The court sentenced him to a term of 15 years to life. Several years later, Nolazco-Loza filed a petition for resentencing under Penal Code section 1172.6.1 At an evidentiary hearing, the People presented evidence showing Nolazco-Loza drove a truck while his passenger Vicente Palomares fired a high-powered rifle at a car full of people. Nolazco-Loza and Palomares fled the scene and led the police on a high-speed chase covering more than 14 miles. The court denied Nolazco-Loza’s petition, finding beyond a reasonable doubt he committed attempted murder as a direct aider and abettor.

On appeal, Nolazco-Loza challenges the sufficiency of the evidence supporting the court’s order. He contends there is not substantial evidence that he knew of and shared the shooter’s intent to kill. We affirm.

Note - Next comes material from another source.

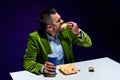 stylish man in velvet jacket with soda drink eating french fries with ketchup at table Royalty Free Stock Photo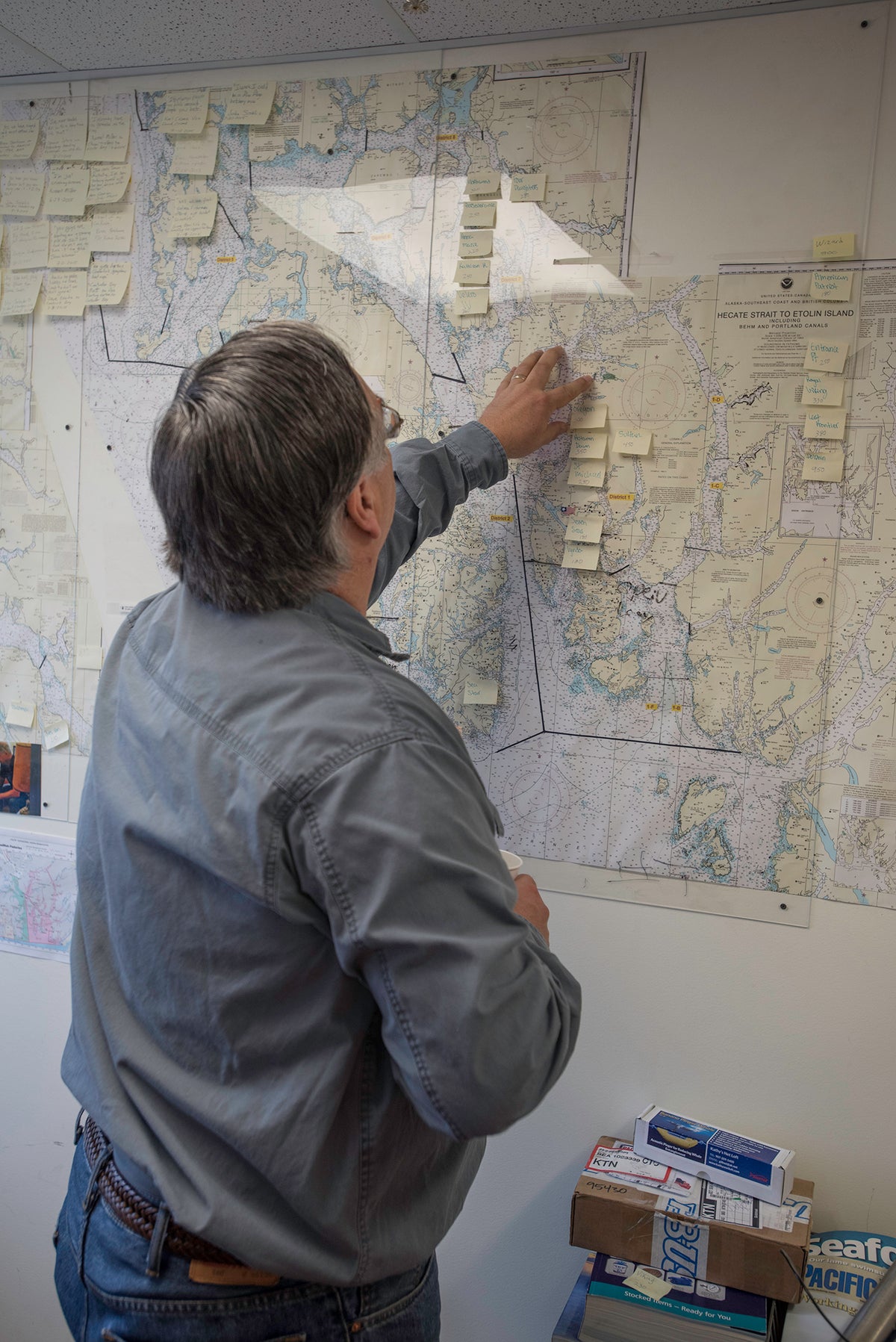 Man standing, looking at map in an office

FACTS AND PROCEDURAL BACKGROUND 1. The charges and plea In November 2016, the People charged Nolazco-Loza with four counts of attempted murder (§§ 187, 664), driving recklessly while fleeing a police officer (Veh. Code, § 2800.2), and shooting at an occupied motor vehicle (§ 246). The People alleged various gang and firearm enhancements.

1 Statutory references are to the Penal Code. Nolazco-Loza filed the petition under former section 1170.95. Effective June 30, 2022, the Legislature renumbered former section 1170.95 to section 1172.6 with no change in text. (Stats. 2022, ch. 58, § 10.) (People v. Strong (2022) 13 Cal.5th 698, 708, fn. 2 (Strong).) For the sake of simplicity, we refer only to section 1172.6.

A year later—in November 2017—Nolazco-Loza pleaded no contest to a single count of attempted murder. He admitted the gang enhancement allegation and that the crime was committed willfully, deliberately, and with premeditation.

The court accepted the plea, dismissed the remaining counts, and sentenced Nolazco-Loza to a term of 15 years to life.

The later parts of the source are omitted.